Além dessa incipiente abertura das bibliotecas ao
público, um marco histórico fundamental mudaria para sempre o alcance das obras.
“ A adoção do formato códice em substituição ao rolo já havia facilitado
muitíssimo a circulação de informação nos primórdios da cultura cristã. Mas o
surgimento da imprensa, no século XV, é o grande divisor de águas, pois
permitiu uma multiplicação de obras, de sua circulação, e foi,
consequentemente, vital para o surgimento e o incremento de bibliotecas”, diz
Merege. De acordo com ela, ainda que parte do conhecimento tenha sido transmitido ao longo do tempo de forma oral, as bibliotecas tiveram um papel crucial na formação da cultura ocidental. “Tanto as bibliotecas da Antiguidade, quanto, mais tarde, as da Idade Média e da Moderna foram repositórios de saber e cultura sem os quais boa parte dos conhecimentos acumulados pela humanidade teriam sido perdidos.
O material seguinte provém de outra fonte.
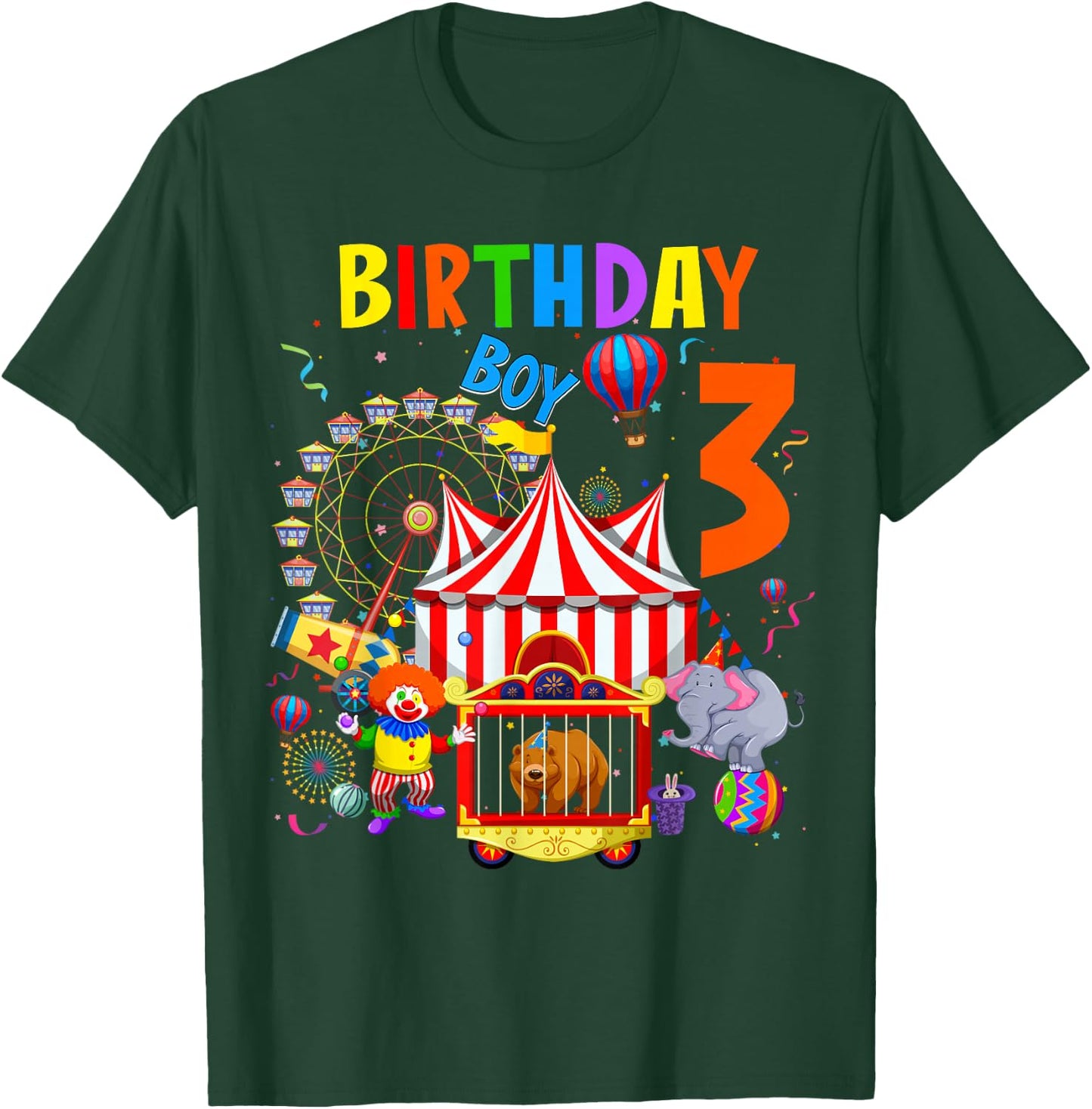 Children's 3rd Birthday Boy Themes 3 Years Old Circus T-Shirt - T-Shirt | Forest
O Renascimento, por exemplo, só foi possível graças à preservação de textos de filósofos e cientistas clássicos, retomados séculos mais tarde”, ressalta.No Oriente, segundo Merege, não era diferente, e o conhecimento acumulado dos orientais influenciou, inclusive, as grandes navegações, que tomaram impulso na Península Ibérica a partir do século XV. “Durante séculos ela esteve sob o domínio muçulmano, e pôde aproveitar a tecnologia e as instituições – avançadíssimas para a época – que eram mantidas pelo Islã. Em Córdoba e Granada, assim como em Bagdá, havia hospitais, observatórios e bibliotecas, e o número de leitores era muito maior do que no restante da Europa”, afirma. Merege destaca, assim, a importância dos livros e das bibliotecas para as civilizações do Oriente. “Na Índia, nos séculos VIII-V antes de nossa era, existiam universidades que mantinham extensas bibliotecas de obras escritas sobre folhas de palmeira; a China e o Japão também têm livros e bibliotecas milenares. O papel surgiu, inclusive, na China e foi trazido para o Ocidente pelos muçulmanos. E em todos esses países existe uma tradição que mantém e valoriza a cultura escrita, os livros e as bibliotecas”, conclui.